Steve Klepetar has received several nominations for Best of the Net and the Pushcart Prize, including four in 2016. Recent collections include My Son Writes a Report on the Warsaw Ghetto and The Li Bo Poems. Family Reunion and A Landscape in Hell are forthcoming in 2017.

Monday, January 2, 2017

you have beautiful hair by Justin Hyde

aunt marcine
runs a liver-spotted hand
through it.

so thick,
aunt karen coos
tousling it out of place.

this happened
at my other family reunion
in june.

aunt deb
said i was sexy

apologized
for making me blush.

full grown,
jan said
running her palm
up and down my back
a very long time.

at thirty-eight
i've crossed a rubicon

handsome
and manly
to octogenarians.

the twenty year olds
flashing across my radar
like migs

consider me avuncular
if they consider me at all.

so curly,
aunt connie wheezes

leaning way out
over her walker.



Justin Hyde's books and other poems can be found here:
http://poets.nyq.org/poet/justinhyde.

Sunday, January 1, 2017

Purge by Shirley Jones-Luke

There was nothing sentimental about your leaving.
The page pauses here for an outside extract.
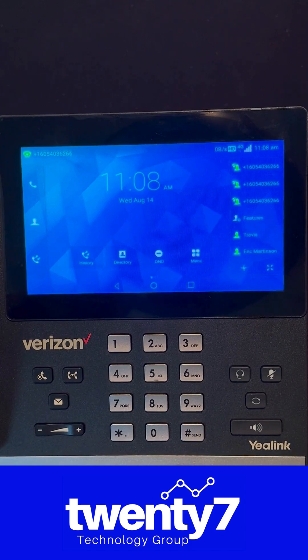Hey everybody, BJ Olson from 27 Technology Group here to show you how to do a factory reset on a Verizon T67. The process is very similar on all Verizon One-Talk YayLink devices, so follow along — it's super easy to do.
I watched your back as you headed for the cab,
suitcase in hand, it was raining and the streets were slick,
cab's wipers swished back and forth,
driver had a bored expression,
meter was frozen at zero,
airport was ten miles away, it was evening and rush
hour was at its height, I did not stop you, puddles
formed, a circle of tears, as you stood, not sure if you
should enter the taxi or run back to me, arms out,
enveloping me in a warm embrace, holding on tightly,
your face held a mix of emotions - sadness, anger and confusion
all merging at once to make you appear sick, sick from leaving, but
I remained stoic, unyielding, sick of you, who wanted to leave,
so leave, the cab pulls away, your silhouette remains.



Shirley Jones-Luke is a poet and writer from Boston, Massachusetts. Ms. Luke has an MFA in Creative Writing from Emerson College. She was a 2016 The Watering Hole Poetry Fellow. Her work has been published in ENUF, Raising Mothers and The Voices Project. Ms. Luke is working on a poetry manuscript for 2017.